There are a few times when it becomes really valuable to do this. (Personally, I keep an eye out for these times – and when I find one such day, I focus my play on FanDuel that day, pounding this approach.)
Firstly, you are looking for days on which there are strong reasons to believe the popular/expensive guys may underperform or are overpriced for what they really are (“Obvious Land Mines”), or are incredibly inconsistent (someone like Johnny Cueto comes to mind; he may post one of the highest fantasy scores of the season in back-to-back games, then go a month without putting up a baseline-acceptable score; days when he is expected to be high-owned can be great days to position yourself against the field, for example – while days when he is expected to be low-owned can be great days to play the volatility the other way and roster him in hopes of catching a monster outing). You can also do this when there is a clear and convincing reason to believe the popular, high-priced pitcher will not get a win (remember: the win bonus on FanDuel is enormous). If you can find a cheap pitcher who you think can match or exceed what the popular, high-priced guy will do (due to being a volatile, but high-upside guy himself, or due to being a fly ball pitcher in a great ballpark for fly ball pitchers, or due to being a guy who induces a lot of soft contact and usually has solid-if-unspectacular outings – and adding on top of any of these things: especially when this lower-priced guy is positioned well to pick up a win bonus that day!), you should look to make this move.

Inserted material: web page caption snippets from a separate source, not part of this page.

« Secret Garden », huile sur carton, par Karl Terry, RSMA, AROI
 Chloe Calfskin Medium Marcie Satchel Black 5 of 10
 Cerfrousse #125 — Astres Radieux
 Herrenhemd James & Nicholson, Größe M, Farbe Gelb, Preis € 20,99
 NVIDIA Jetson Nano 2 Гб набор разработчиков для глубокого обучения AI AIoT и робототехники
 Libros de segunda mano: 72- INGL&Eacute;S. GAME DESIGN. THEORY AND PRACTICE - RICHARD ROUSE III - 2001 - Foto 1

Two of the major misconceptions here are:
1) High-priced pitchers inherently possess more upside than low-priced pitchers, and
2) You need a cheap guy with a lot of upside in order to justify moving away from the high-priced guys.
Lots of days, the high-priced guys don’t have as much upside as everyone wants to pretend. And on such days, you don’t need to find a cheap guy who “can get you 60 FanDuel points.” You just need a guy who can match (or come close to matching) what the popular, high-priced guy will do. If you find a cheap guy who can do that, you’ll be in great shape already – with higher-upside bats than anyone else can afford that day, and with a roster construction approach that leaves you all alone.
When to Avoid?
When the cheap arms are in poor spots, do not force this approach.
When the “popular, expensive arms” are truly worth their salary and the ownership attention they are receiving, do not force this approach.
When you like something completely different at the plate than what everyone else likes, and you can roster the “popular, expensive arm” and still have a totally different roster approach than your competition (assuming the “popular arm,” that day, has more upside than the cheaper guys, or is safer than the cheaper guys – that is to say, assuming he’s a good play by the numbers, and not just by name), there is no need to force in a cheap guy.
Let the slate dictate your approach.
Let the slate dictate your play.
Not every day is going to be a good one for “positioning yourself for The Big Score.” Not every day is a good day for paying down in tournaments on single-pitcher sites.
But always (always!) keep an eye out for the elements that combine to create a great day for “paying down in tourneys on single-pitcher sites” while everyone else is paying up. On such days, shift your focus toward tourneys on single-pitcher sites – then kick back, and enjoy The Big Scores that begin to roll your way.